What you have to do
Print the data below verbatim, minus images.
──────── Exercise data ────────
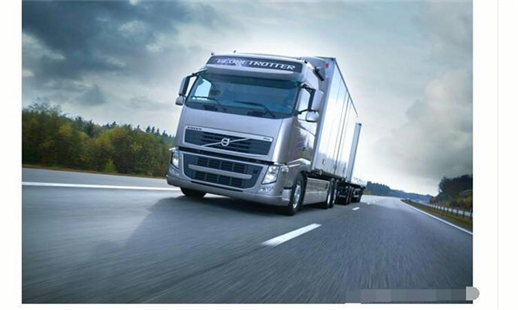 昆山到平湖物流專線|昆山到平湖物流公司|昆山到平湖貨運(yùn)公司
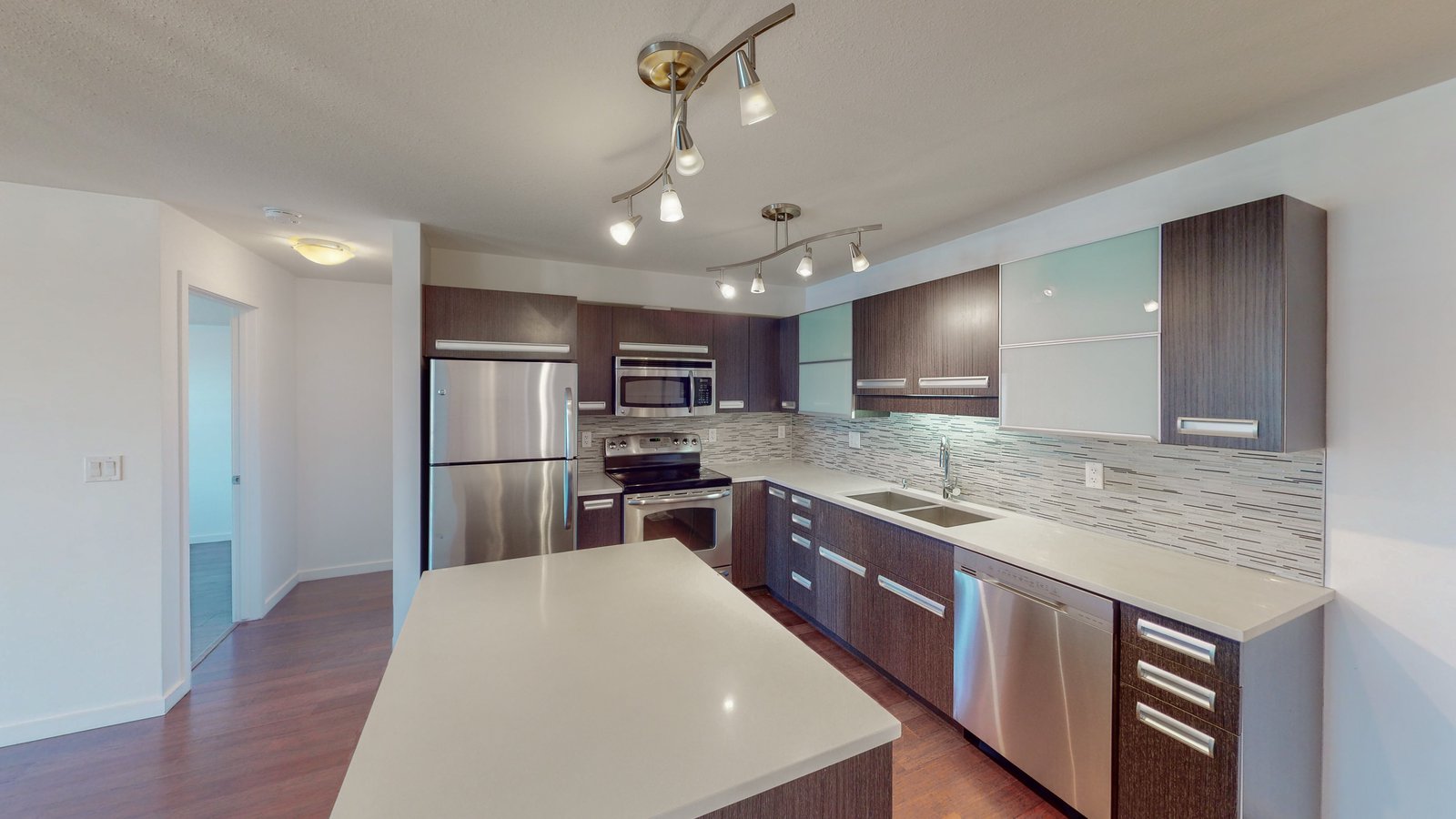 Regina SK Condos for Rent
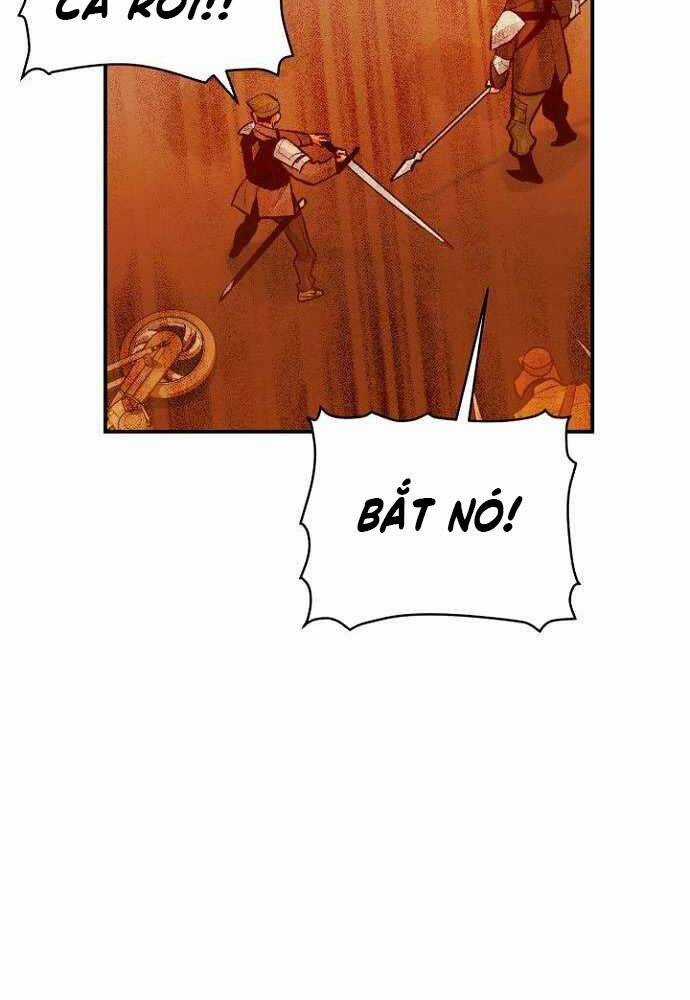 Độc Cô Tử Linh Sư - Chương 46 - Trang 61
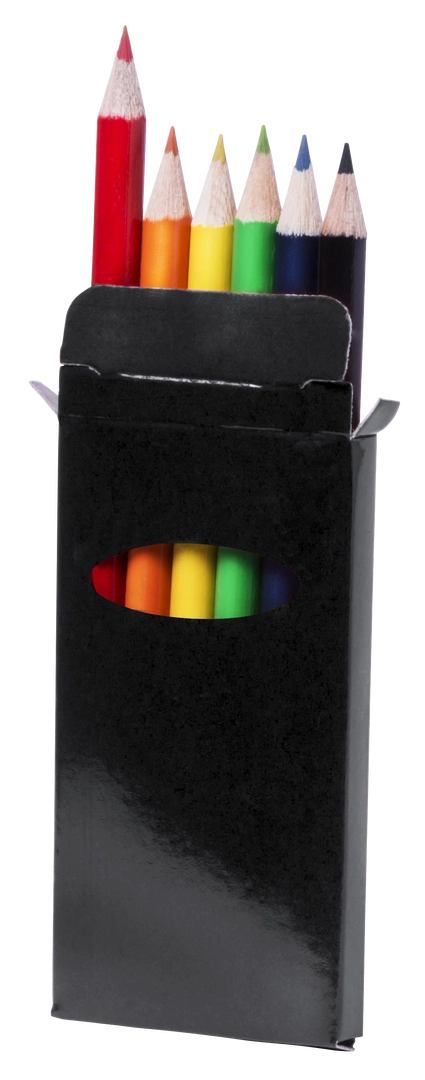 Immagine Set Matite Garten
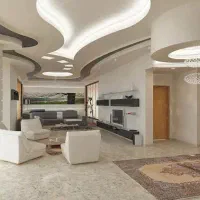 نصب و اجرای کناف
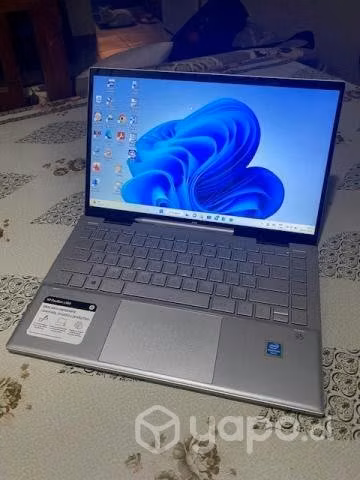 Computador HP Pavilion X360 - Imagen 5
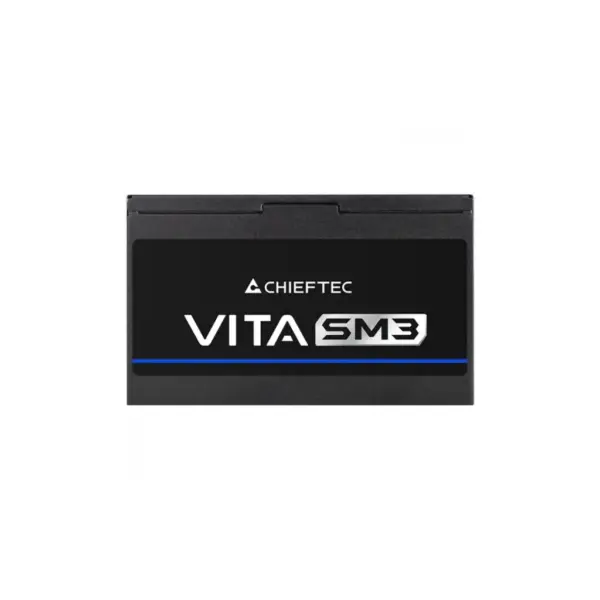 Блок живлення Chieftec 850W VITA SM3 (BPX-850-C)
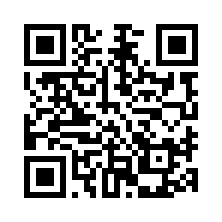 QR Code for 15i233FtcwjxWAh2WaMotSq1e9ReKGeUi9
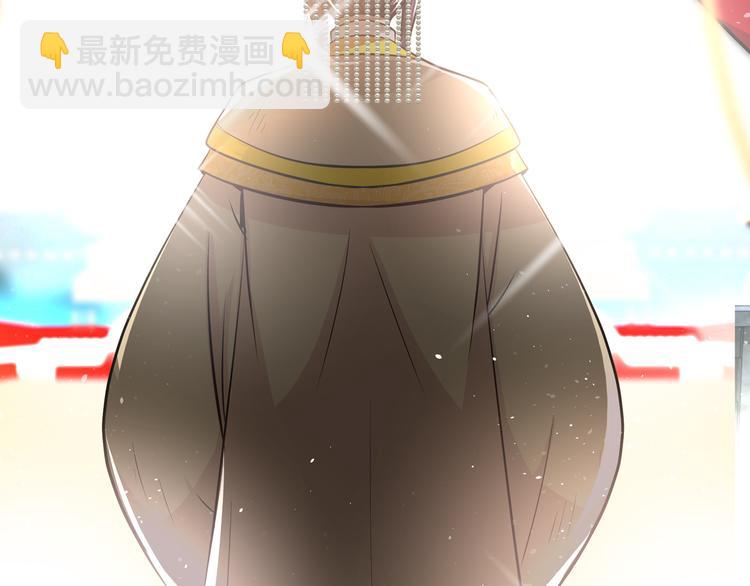 第32话 有你相伴(1/2)-第32话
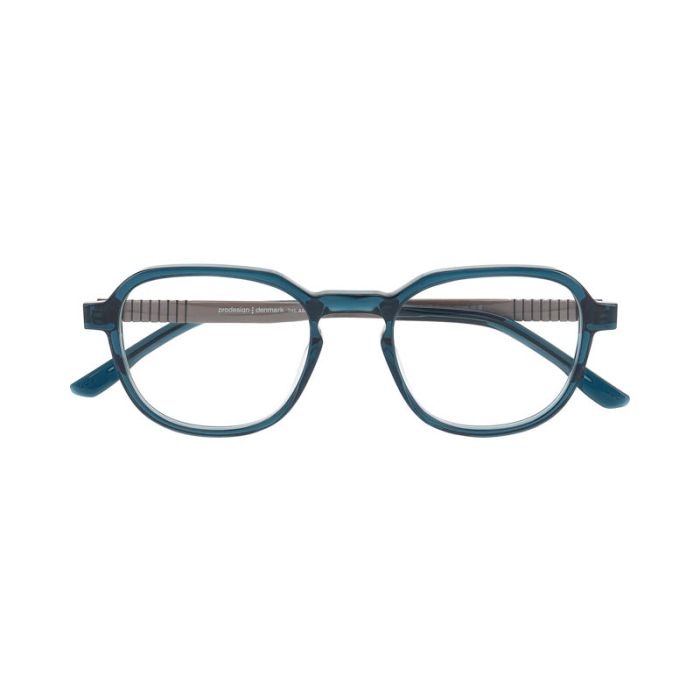 PRODESIGN PROFLEXACE4 9335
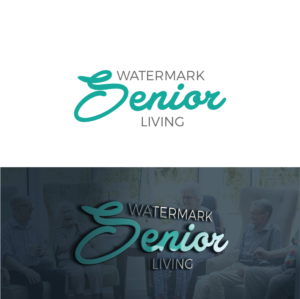 Logo Design by Deziners Zone for DDA Home Solutions LLC | Design: #26090205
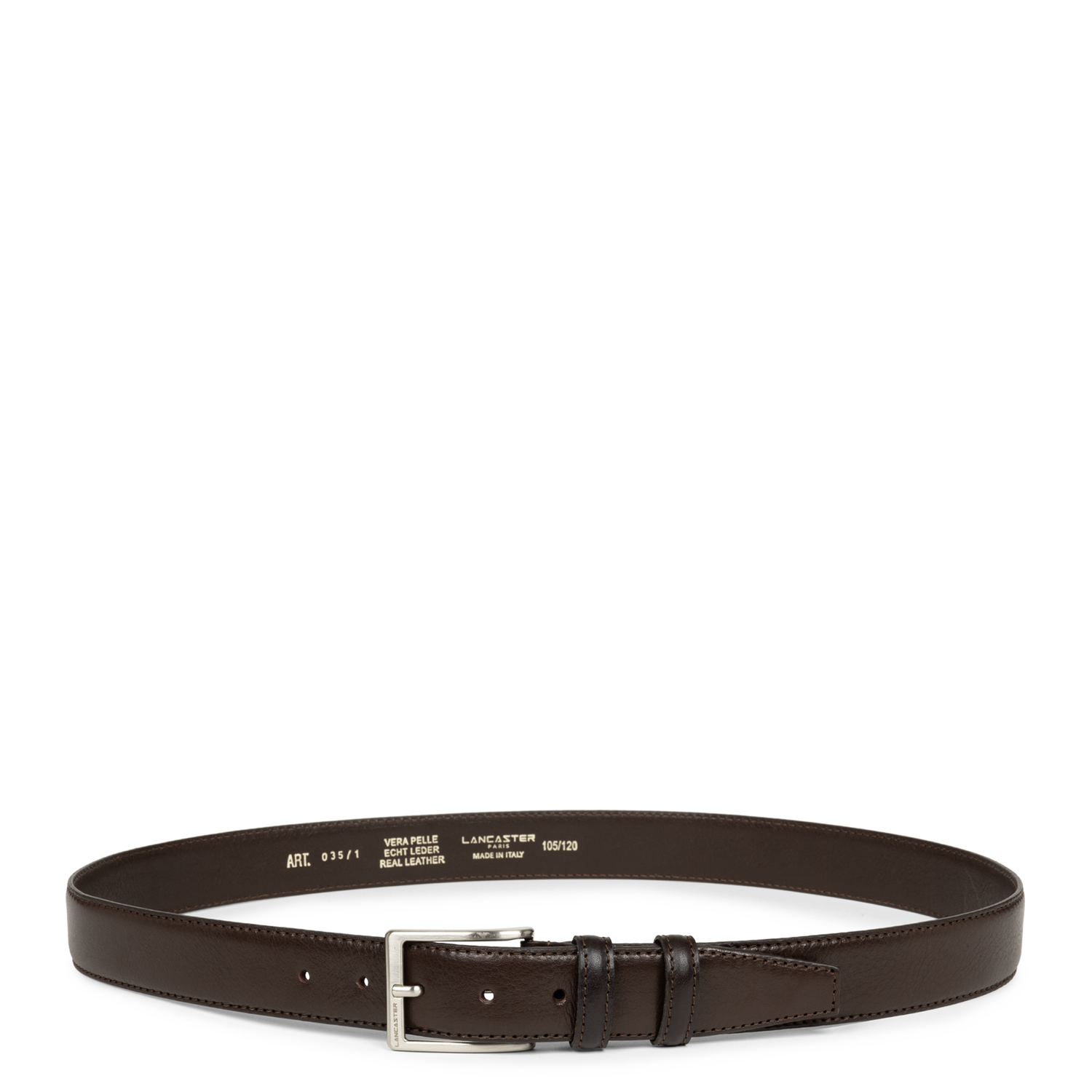 ceinture - ceinture soft homme 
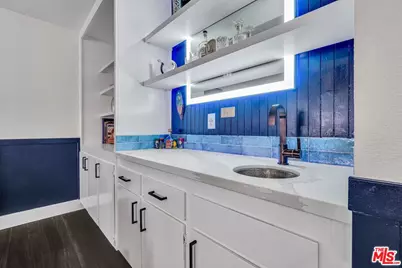 16424 Bubbling View Cir, Cerritos, CA 90703 - Photo 27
────────
Result for this exercise
 昆山到平湖物流專線|昆山到平湖物流公司|昆山到平湖貨運(yùn)公司
 Regina SK Condos for Rent
 Độc Cô Tử Linh Sư - Chương 46 - Trang 61
 Immagine Set Matite Garten
 نصب و اجرای کناف
 Computador HP Pavilion X360 - Imagen 5
 Блок живлення Chieftec 850W VITA SM3 (BPX-850-C)
 QR Code for 15i233FtcwjxWAh2WaMotSq1e9ReKGeUi9
 第32话 有你相伴(1/2)-第32话
 PRODESIGN PROFLEXACE4 9335
 Logo Design by Deziners Zone for DDA Home Solutions LLC | Design: #26090205
 ceinture - ceinture soft homme 
 16424 Bubbling View Cir, Cerritos, CA 90703 - Photo 27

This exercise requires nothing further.